ACTIVITY: The lines to be extracted begin at the line containing "Fahrradständer Seitenständer" and end at the last line of the data below; copy them exactly and leave out the pictures.

(Beginning of EXERCISE MATERIAL)

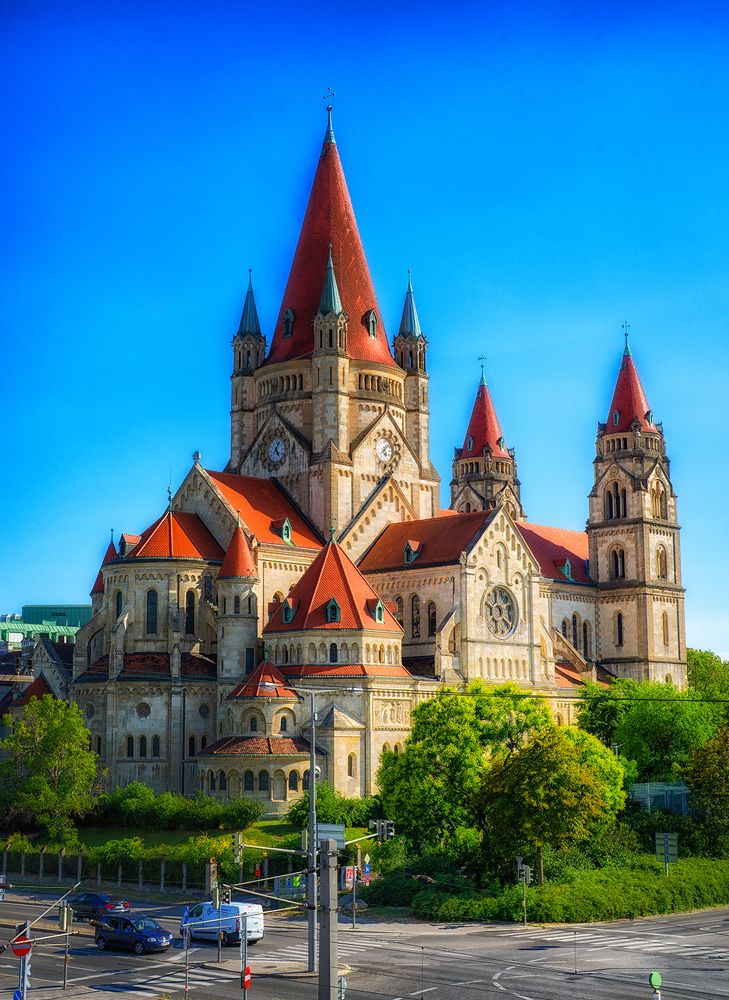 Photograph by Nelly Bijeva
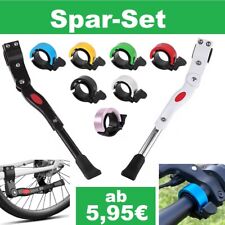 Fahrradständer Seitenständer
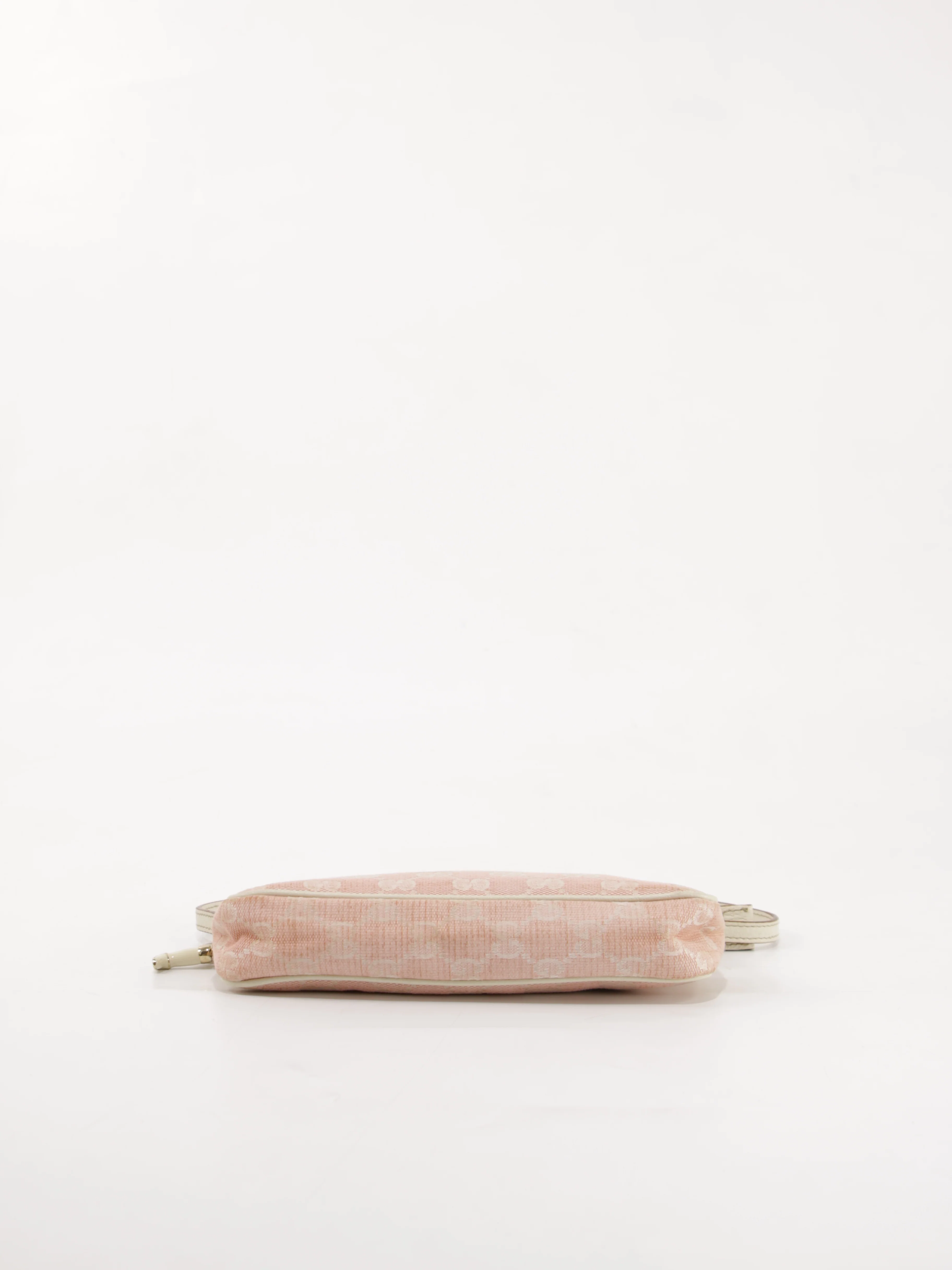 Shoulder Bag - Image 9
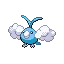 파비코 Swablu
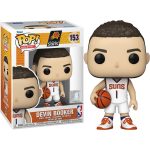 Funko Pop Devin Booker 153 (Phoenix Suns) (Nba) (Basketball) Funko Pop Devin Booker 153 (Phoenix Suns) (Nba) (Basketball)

(End of EXERCISE MATERIAL)

SOLUTION BELOW:
 Fahrradständer Seitenständer
 Shoulder Bag - Image 9
 파비코 Swablu
 Funko Pop Devin Booker 153 (Phoenix Suns) (Nba) (Basketball) Funko Pop Devin Booker 153 (Phoenix Suns) (Nba) (Basketball)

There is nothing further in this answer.